Poi arrivano le clausole in piccolo. Il modulo del verdetto precisa che la cifra è una royalty corrente destinata solo a compensare la passata violazione di Kioxia fino al 30 marzo 2026. Kioxia ha dichiarato di essere in forte disaccordo con le pretese di Viasat e con il verdetto, e che lo contesterà. Il titolo suggerisce una conclusione. Il documento che segue si legge come una prima fattura.
Perché il 30 marzo 2026 cambia i conti
Le clausole in piccolo sono il punto in cui si nasconde il costo reale. Poiché il risarcimento si ferma al 30 marzo 2026, i 229 milioni di dollari compensano il passato e nulla di successivo. Le royalty future per le violazioni dopo quella data non sono fissate, e non lo è nemmeno alcuna ingiunzione.
Restano così tre domande aperte insieme sul tavolo: quale tasso pagherà Kioxia in futuro, se un'ingiunzione limiterà il modo in cui spedisce i componenti interessati, e come si concluderà l'appello. Il brevetto in questione, US Patent No. 8,615,700, riguarda un'architettura di correzione degli errori per la memoria flash che aiuta i dispositivi a consumare meno energia. Non è una funzione secondaria.
Per un acquirente, l'errore di tasso base sta nel leggere una singola cifra grande come prova che la questione è chiusa. Non lo è. Una royalty corrente che paga solo fino a marzo cresce in avanti, e il costo di questa crescita raggiunge di solito il prezzo e la disponibilità dei componenti prima di comparire nel bilancio annuale di una singola azienda.
Una rivendicazione, un calo del 16 per cento
Perché conta è il rapporto: una sola rivendicazione di brevetto ha innescato un calo azionario di circa il 16 per cento. Le azioni Kioxia sono scese di circa il 16 per cento dopo il verdetto, anche se quella settimana ha portato pure un'ampia vendita di titoli dei chip, così il verdetto non è stato l'unica causa.
Eppure il segnale è chiaro. Una rivendicazione di un brevetto del 2013 è bastata per attribuire una cifra a nove zeri a un fornitore mondiale di NAND e per aprire domande sull'offerta futura. Se la vostra distinta base si appoggia sulla flash di Kioxia, la vostra esposizione non è ipotetica e non si limita a una sola voce.
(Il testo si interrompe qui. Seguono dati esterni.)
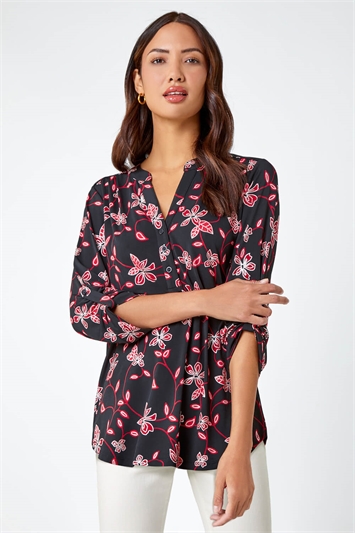 Red Textured Floral Stretch Jersey Shirt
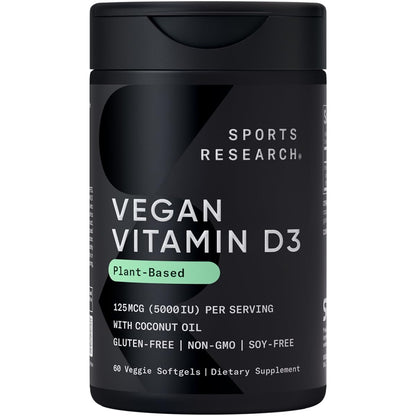 Sports Research Vegan Vitamin D3 5000IU (125 mcg) - 60 Softgels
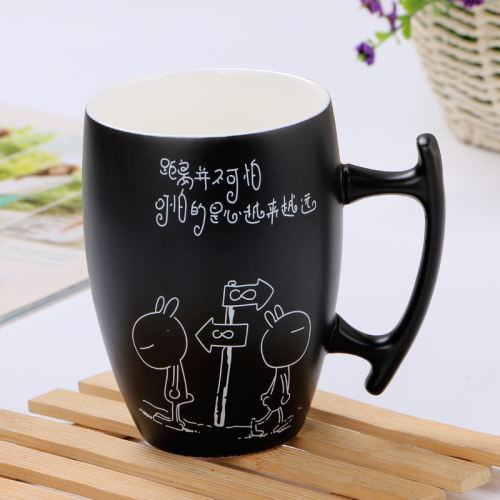 Custom black matte creative ceramic mug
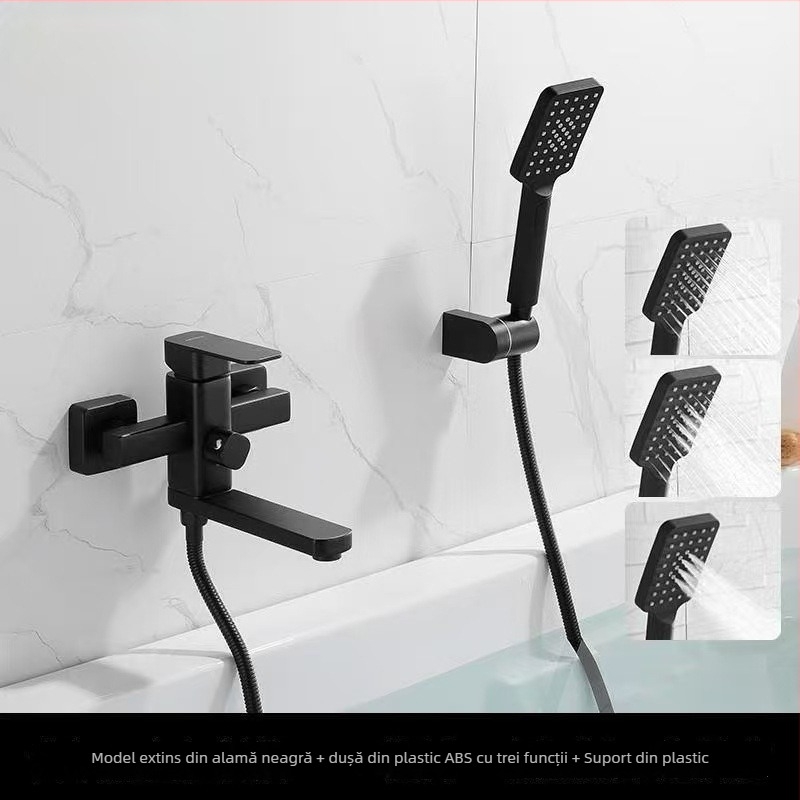 Robinet de baie din cupru cu amestec cald/rece, montare pe perete, miez ceramic, 20 mm intrare/ieșire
La decisione per un acquirente di hardware
In conclusione, per un acquirente di hardware si tratta di agire sull'offerta. La decisione non è aspettare di vedere come va l'appello; è tenere pronta ora una seconda fonte qualificata di memoria flash NAND, perché una royalty futura o un'ingiunzione non diventino il vostro problema di produzione.
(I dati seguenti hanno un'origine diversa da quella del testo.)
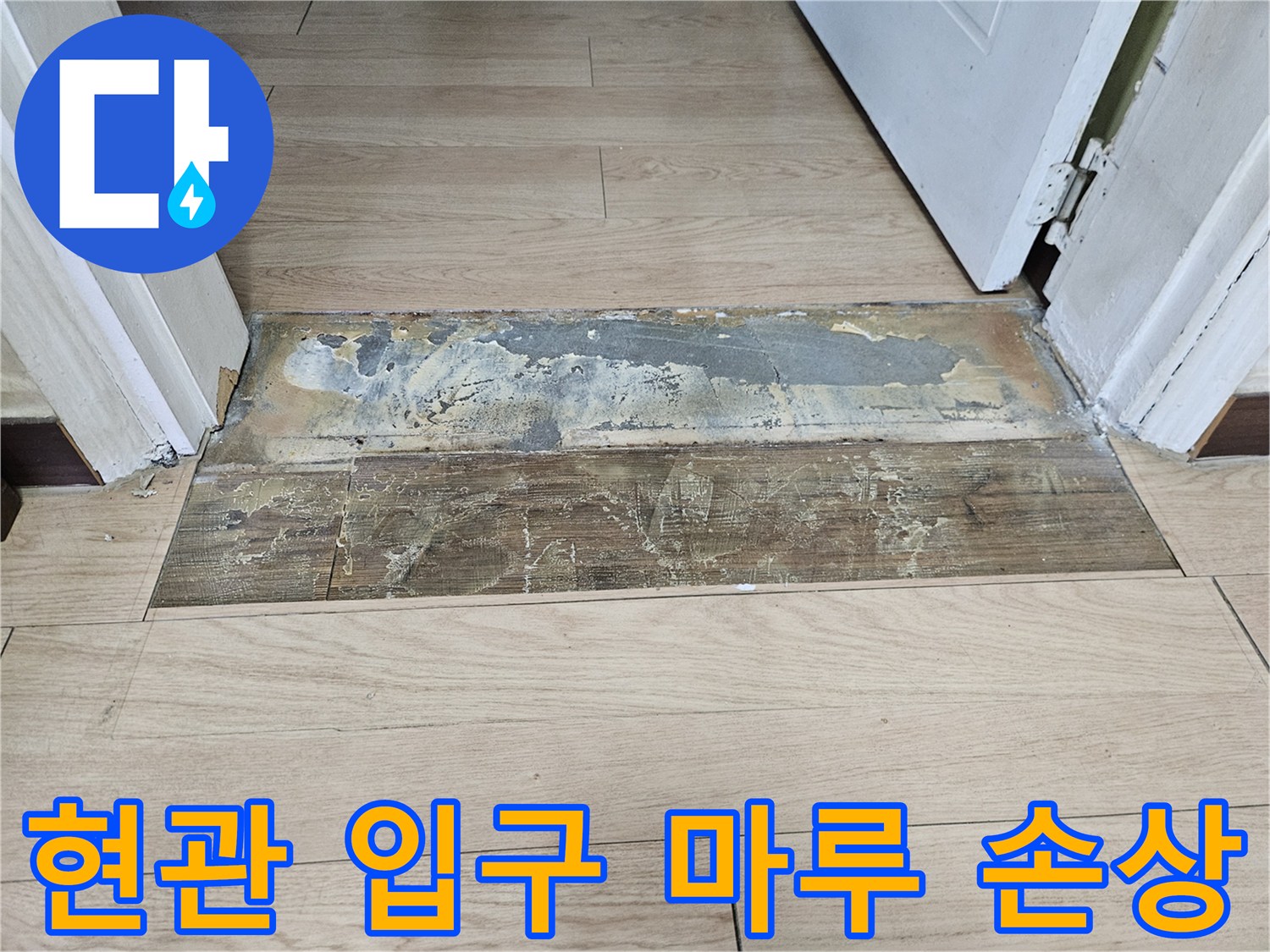 누수로 인해 얼룩지고 변색된 현관 마루 상태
I produttori europei di dispositivi e di hardware di archiviazione comprano la stessa NAND dalla stessa breve lista di fornitori, e uno shock presso uno di essi restringe un campo già stretto. Qualificate un componente alternativo prima del prossimo ciclo produttivo, date oggi un prezzo in euro al rischio del componente, e trattate i 229 milioni di dollari come l'inizio di un costo ancora in scrittura.